The amplification reactions were conducted in a thermocycler (Mastercycler Personal), programmed for the following cycles and temperatures: initial denaturation step at 94 ºC for two minutes, followed by 40 repeated cycles with temperatures of 94 ºC for 30 seconds, 30 seconds at the annealing temperature calculated for each pair of primers, and one minute at 72 ºC, finishing the reaction with an additional extension phase at 72 ºC for two minutes.
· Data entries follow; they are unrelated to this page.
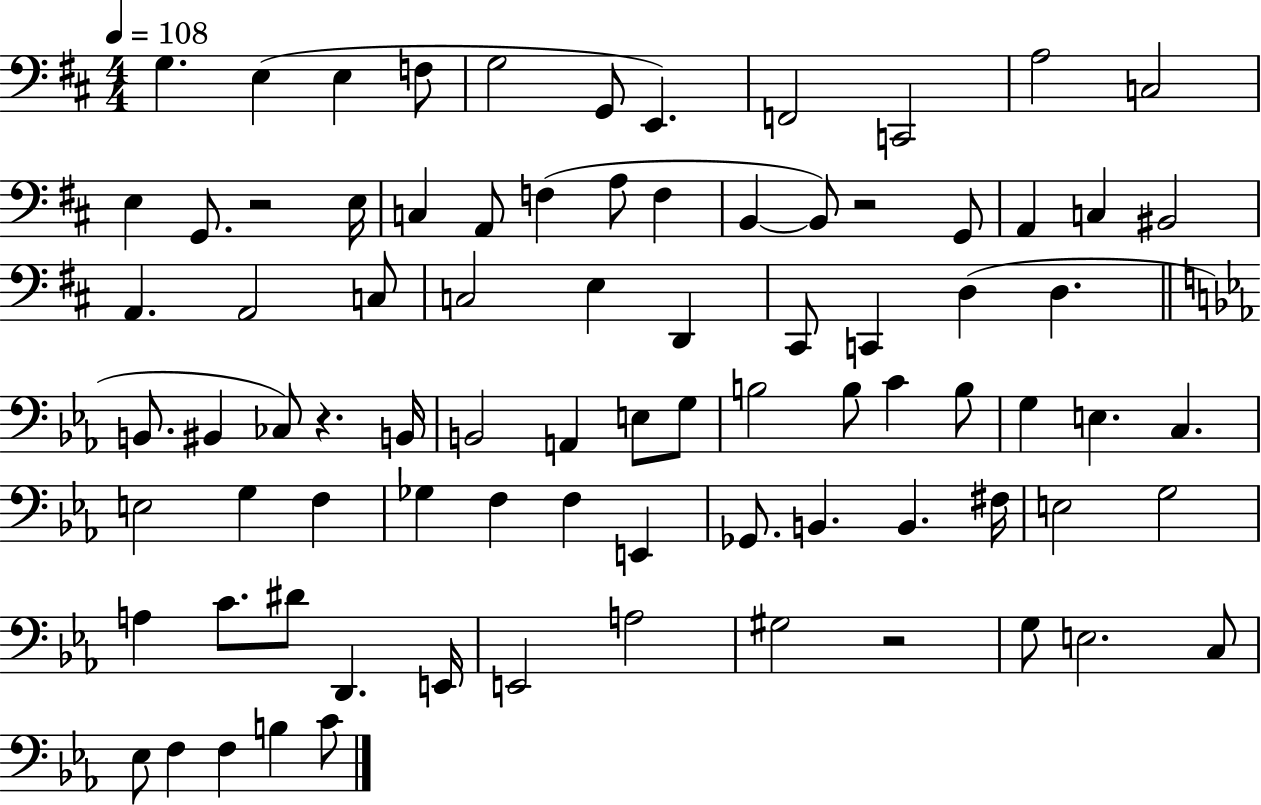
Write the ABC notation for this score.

X:1
T:Untitled
M:4/4
L:1/4
K:D
G, E, E, F,/2 G,2 G,,/2 E,, F,,2 C,,2 A,2 C,2 E, G,,/2 z2 E,/4 C, A,,/2 F, A,/2 F, B,, B,,/2 z2 G,,/2 A,, C, ^B,,2 A,, A,,2 C,/2 C,2 E, D,, ^C,,/2 C,, D, D, B,,/2 ^B,, _C,/2 z B,,/4 B,,2 A,, E,/2 G,/2 B,2 B,/2 C B,/2 G, E, C, E,2 G, F, _G, F, F, E,, _G,,/2 B,, B,, ^F,/4 E,2 G,2 A, C/2 ^D/2 D,, E,,/4 E,,2 A,2 ^G,2 z2 G,/2 E,2 C,/2 _E,/2 F, F, B, C/2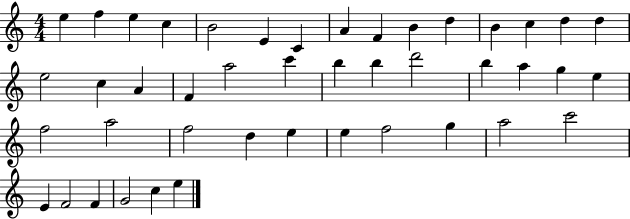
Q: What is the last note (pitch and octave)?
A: E5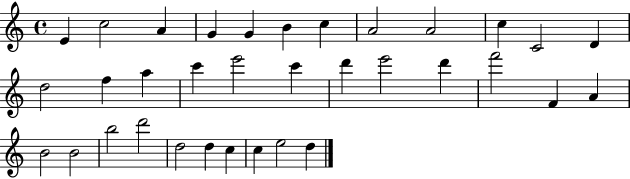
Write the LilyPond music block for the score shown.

{
  \clef treble
  \time 4/4
  \defaultTimeSignature
  \key c \major
  e'4 c''2 a'4 | g'4 g'4 b'4 c''4 | a'2 a'2 | c''4 c'2 d'4 | \break d''2 f''4 a''4 | c'''4 e'''2 c'''4 | d'''4 e'''2 d'''4 | f'''2 f'4 a'4 | \break b'2 b'2 | b''2 d'''2 | d''2 d''4 c''4 | c''4 e''2 d''4 | \break \bar "|."
}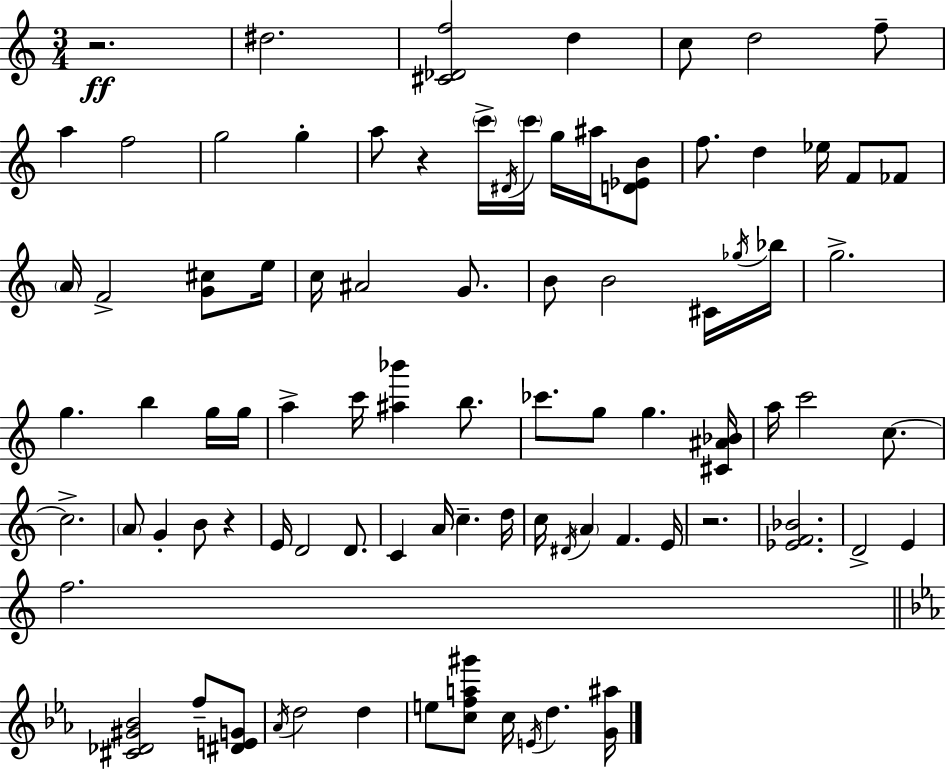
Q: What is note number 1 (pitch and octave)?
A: D#5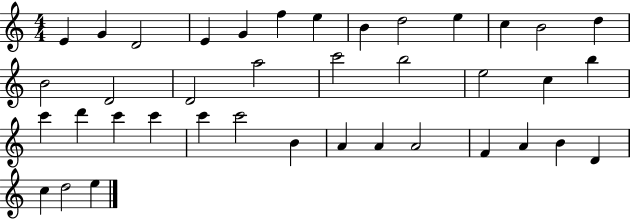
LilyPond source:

{
  \clef treble
  \numericTimeSignature
  \time 4/4
  \key c \major
  e'4 g'4 d'2 | e'4 g'4 f''4 e''4 | b'4 d''2 e''4 | c''4 b'2 d''4 | \break b'2 d'2 | d'2 a''2 | c'''2 b''2 | e''2 c''4 b''4 | \break c'''4 d'''4 c'''4 c'''4 | c'''4 c'''2 b'4 | a'4 a'4 a'2 | f'4 a'4 b'4 d'4 | \break c''4 d''2 e''4 | \bar "|."
}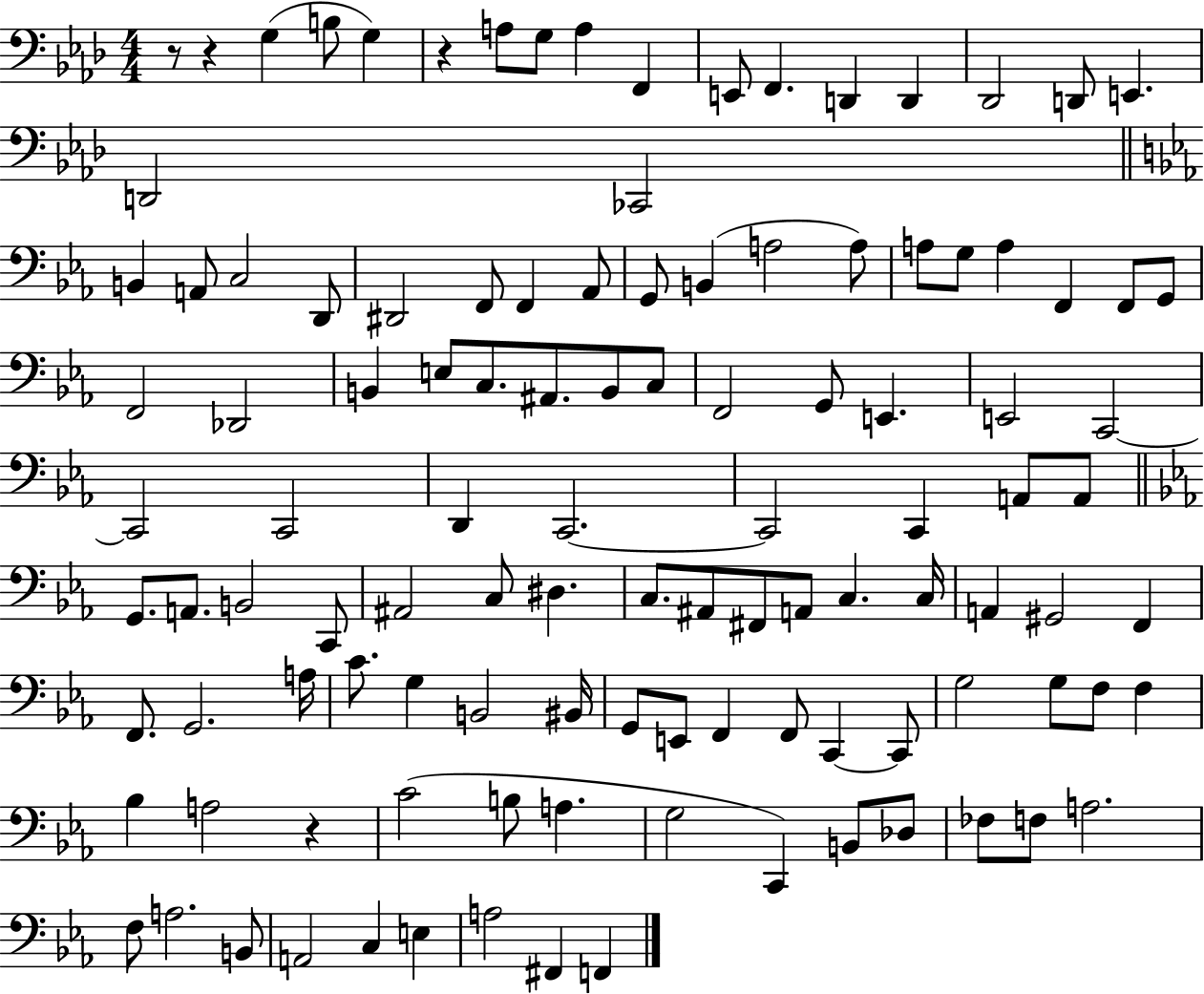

The positive and negative controls were included in all reaction. The DNA controls used to assess the analytical sensitivity and specificity of the new primers were: genomic DNA of Canis familiaris, L. infantum chagasi, Leishmania braziliensis, Leishmania amazonensis, Leishmania guyanensis, Trypanosoma cruzi, Toxoplasma gondii, Babesia canis and Ehrlichia canis. Sterile ultrapure water, free of DNase and RNase (Dnase/Rnase-Free Distilled Water - Invitrogen), was used as the negative control.

The genomic DNA samples from Canis familiares, B. canis and E. canis used in this study were obtained from the Veterinary School, Federal University of Goiás (UFG). The samples of the genomic DNA of L. infantum chagasi were obtained from the Institute for Tropical Pathology and Public Health (IPTSP) of UFG and from São Paulo State University, Jaboticabal Campus. Samples of the genomic DNA of L. braziliensis (MHOM/BR/75/M2903), L. amazonensis (PH8 strain), L. guyanensis (PLR6), Trypanosoma cruzi (Y strain), and T. gondii (RH strain type I) were kindly provided by the Leishmaniasis Immunobiology Laboratory, IPTSP, UFG.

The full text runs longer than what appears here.